それに、お前に手を伸ばしても、その手で誰かの首を絞めさせようと誘導されるだけだ。なら、自分の身くらい、自分で守ってくれ」
アガートラームを阻まないように、そのまま背を向けて男から離れる。
「っ!この愚劣が……」
忌々しそうに男が時計に触れる。
すると、突如として空に重力球が……っ!?8つ!?
「オーディーン!」
そうして、そこから現れるのは、八機の機神。
「ええ、残念ながら此方の機体は量産機。大元たるワンオフのアガートラームに比べては弱いでしょう。しかし、だからこそ……こうして低コストで多数運用できる訳です」
空から、雷槍を構えて八機が降りてくる。
「果たして数の前には……」
無造作に、銀腕の機神は己の腕翼を頭上で組み、左右に振り抜いた。
それだけで、腕から伸びた全長10kmを越える馬鹿みたいな長さの結晶剣に両断され、擂り潰され、降りてきていた八機は粉砕される。
「は?」
ぽかーんと口を空けるグリームニル。いや、おれとしても流石の戦力差に目を疑うしかない。
「ど、どうい……いえ良いでしょう」
更に、空に展開された重力球からどんどんと次の機体が降ってくる。まだ在庫あるのかよとか、理不尽度は正直お前のその機体も大概だとか言いたいことは沢山あるが……
「……走れ、銀翼」
その総てが、銀翼の一振で両断される。
が、その隙に、空を見上げられている間に地上に召喚した機体に逃げ込んで、そそくさとグリームニルは転移を済ませていた。
こういうときの逃げ足早いな!?
「……だから、逃げんなっての」
が、吐き捨てるような声と共に、銀翼の機神は左の腕翼を輝かせる。
「……は?」
「時を遡れば、逃がさない」
忽然と、いや呆然と。ついさっき逃げ出した筈の機体の姿が、銀翼のカミの前に引きずり出される。

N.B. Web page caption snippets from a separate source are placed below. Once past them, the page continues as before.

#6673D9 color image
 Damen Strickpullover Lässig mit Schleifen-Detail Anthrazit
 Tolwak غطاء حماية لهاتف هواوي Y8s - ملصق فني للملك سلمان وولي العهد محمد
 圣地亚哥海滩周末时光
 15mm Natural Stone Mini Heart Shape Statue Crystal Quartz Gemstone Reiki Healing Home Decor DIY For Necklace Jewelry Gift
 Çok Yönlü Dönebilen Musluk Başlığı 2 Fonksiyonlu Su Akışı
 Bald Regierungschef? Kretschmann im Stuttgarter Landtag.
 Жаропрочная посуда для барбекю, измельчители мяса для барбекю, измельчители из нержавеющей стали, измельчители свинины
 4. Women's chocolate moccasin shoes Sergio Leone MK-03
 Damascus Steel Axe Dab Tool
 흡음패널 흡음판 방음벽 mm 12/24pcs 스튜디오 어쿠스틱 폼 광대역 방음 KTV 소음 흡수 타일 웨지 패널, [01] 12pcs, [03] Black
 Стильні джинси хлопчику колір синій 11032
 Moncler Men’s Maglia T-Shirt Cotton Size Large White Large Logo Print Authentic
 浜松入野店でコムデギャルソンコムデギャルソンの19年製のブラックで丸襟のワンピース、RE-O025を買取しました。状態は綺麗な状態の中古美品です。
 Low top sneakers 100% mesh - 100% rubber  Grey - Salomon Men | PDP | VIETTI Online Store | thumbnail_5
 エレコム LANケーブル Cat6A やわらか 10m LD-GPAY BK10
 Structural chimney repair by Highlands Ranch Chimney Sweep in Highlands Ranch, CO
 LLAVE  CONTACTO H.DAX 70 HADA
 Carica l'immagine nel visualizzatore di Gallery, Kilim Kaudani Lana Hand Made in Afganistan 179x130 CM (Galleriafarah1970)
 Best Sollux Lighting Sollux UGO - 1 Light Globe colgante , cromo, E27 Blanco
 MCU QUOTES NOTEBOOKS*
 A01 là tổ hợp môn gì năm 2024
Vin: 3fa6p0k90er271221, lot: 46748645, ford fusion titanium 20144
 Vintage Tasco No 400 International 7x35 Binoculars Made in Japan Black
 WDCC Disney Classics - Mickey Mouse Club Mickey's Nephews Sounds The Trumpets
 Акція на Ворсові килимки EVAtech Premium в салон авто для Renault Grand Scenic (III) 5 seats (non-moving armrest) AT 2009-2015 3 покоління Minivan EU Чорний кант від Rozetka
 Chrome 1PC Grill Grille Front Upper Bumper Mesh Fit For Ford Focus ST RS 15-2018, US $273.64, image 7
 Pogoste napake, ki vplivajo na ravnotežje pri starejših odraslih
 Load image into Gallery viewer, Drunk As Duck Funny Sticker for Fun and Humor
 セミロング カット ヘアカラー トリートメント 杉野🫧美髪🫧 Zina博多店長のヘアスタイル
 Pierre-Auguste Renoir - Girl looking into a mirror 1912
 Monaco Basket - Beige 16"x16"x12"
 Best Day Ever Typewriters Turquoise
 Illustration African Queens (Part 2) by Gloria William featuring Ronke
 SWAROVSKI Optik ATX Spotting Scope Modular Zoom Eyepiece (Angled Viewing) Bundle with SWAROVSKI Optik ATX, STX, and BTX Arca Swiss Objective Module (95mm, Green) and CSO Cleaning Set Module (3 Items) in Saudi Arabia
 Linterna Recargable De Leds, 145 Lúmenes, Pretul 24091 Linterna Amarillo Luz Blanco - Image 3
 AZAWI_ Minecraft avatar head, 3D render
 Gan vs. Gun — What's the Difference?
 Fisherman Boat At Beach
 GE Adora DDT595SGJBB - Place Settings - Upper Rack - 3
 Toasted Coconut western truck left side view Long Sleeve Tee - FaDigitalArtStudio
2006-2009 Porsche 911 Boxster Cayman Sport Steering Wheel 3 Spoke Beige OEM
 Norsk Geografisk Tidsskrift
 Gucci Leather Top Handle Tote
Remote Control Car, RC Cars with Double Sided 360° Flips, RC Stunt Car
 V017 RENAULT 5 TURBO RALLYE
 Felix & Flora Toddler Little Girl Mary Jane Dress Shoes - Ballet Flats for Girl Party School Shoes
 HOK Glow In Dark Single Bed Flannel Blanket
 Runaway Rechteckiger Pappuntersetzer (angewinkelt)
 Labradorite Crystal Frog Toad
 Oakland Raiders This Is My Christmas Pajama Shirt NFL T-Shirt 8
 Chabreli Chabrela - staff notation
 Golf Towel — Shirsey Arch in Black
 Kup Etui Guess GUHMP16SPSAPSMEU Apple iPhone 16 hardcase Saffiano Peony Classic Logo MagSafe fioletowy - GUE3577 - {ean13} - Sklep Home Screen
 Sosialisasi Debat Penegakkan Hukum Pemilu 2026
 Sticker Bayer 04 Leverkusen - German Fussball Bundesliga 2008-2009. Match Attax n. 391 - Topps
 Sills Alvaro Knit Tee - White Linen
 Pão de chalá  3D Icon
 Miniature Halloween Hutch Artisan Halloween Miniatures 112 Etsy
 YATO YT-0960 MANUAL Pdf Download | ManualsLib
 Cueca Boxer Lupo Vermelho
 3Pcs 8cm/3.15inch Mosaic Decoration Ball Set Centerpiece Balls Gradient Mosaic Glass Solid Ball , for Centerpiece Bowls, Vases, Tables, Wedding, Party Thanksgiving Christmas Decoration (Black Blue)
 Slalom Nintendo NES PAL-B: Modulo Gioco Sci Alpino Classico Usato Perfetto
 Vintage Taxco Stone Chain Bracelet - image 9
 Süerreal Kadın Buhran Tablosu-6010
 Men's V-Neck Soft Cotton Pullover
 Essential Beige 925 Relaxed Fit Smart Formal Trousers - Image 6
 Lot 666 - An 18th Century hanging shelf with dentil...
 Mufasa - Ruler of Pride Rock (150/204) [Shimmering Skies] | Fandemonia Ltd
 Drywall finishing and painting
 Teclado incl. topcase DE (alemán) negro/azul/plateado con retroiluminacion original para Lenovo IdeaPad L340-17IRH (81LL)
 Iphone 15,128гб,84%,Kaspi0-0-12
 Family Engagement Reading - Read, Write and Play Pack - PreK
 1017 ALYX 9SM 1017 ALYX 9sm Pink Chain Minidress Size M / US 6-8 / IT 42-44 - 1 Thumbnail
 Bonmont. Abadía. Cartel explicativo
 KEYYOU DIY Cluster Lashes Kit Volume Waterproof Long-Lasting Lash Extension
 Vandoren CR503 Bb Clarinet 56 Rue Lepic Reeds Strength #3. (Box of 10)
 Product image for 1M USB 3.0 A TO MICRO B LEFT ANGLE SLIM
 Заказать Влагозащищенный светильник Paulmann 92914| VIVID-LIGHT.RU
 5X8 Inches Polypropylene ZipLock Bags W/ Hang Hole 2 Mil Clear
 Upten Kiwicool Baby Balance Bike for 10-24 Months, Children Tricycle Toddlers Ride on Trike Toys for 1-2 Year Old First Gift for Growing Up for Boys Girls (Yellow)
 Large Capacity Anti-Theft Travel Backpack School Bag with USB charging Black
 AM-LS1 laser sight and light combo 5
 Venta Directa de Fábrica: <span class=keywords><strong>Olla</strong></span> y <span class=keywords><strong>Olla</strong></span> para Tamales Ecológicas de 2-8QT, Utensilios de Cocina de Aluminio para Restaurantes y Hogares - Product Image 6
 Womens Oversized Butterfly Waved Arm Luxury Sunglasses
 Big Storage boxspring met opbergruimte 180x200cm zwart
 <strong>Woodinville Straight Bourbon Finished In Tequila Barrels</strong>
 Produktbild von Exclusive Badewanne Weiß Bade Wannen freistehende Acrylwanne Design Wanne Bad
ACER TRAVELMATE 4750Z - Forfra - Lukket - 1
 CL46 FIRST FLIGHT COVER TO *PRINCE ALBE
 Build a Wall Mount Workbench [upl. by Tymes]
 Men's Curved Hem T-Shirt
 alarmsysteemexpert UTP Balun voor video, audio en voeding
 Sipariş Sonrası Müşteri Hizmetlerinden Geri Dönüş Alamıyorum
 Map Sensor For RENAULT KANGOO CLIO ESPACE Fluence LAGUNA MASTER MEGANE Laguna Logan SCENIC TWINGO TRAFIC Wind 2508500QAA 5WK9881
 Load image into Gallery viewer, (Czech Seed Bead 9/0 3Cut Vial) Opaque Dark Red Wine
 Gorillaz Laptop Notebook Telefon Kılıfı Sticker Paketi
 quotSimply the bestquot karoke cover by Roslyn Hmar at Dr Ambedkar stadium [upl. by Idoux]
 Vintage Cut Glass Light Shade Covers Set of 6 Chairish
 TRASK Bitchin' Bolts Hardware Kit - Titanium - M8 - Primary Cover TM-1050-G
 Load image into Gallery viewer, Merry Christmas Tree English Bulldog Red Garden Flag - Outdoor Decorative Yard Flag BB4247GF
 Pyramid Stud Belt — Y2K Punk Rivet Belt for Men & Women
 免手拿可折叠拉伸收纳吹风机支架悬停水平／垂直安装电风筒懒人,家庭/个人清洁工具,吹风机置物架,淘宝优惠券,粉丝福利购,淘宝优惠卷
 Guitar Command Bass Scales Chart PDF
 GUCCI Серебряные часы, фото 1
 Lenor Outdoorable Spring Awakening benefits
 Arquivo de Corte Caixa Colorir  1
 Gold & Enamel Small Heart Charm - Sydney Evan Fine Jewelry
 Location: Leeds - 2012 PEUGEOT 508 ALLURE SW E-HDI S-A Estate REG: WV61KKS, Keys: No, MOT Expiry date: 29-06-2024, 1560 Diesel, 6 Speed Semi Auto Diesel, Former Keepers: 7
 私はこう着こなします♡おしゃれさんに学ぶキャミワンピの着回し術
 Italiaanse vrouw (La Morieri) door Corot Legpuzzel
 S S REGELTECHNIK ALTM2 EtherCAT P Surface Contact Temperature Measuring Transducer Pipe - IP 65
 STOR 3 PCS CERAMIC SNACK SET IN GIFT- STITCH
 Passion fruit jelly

っ!時を戻したのか!元のアガートラームは自分の時以外操ってこなかったが、これがポゼッションの力の一端か。
「せめて、仇くらい討たせろよ、グリームニル」
その言葉と共に、腕を組んだままの機神は腕翼の先の爪を装甲に引っ掛けオーディーンの装甲を剥がし、中の男を大気に晒す。
「っ、こ、こんな……」
「ユーリは終わらされた。てめぇも、同じ終わりを味わえ」
「……な、あぎゃが!?」
乱舞する白光。細切れにされて蒸発し、機体ごと男は光の中に消滅する。
同時、次々と量産型だからとオーディーンを呼び出していた重力球も、現れてきていたオーディーンも総てが、元から無かったかのように存在を薄れさせ、虚空に消えていった。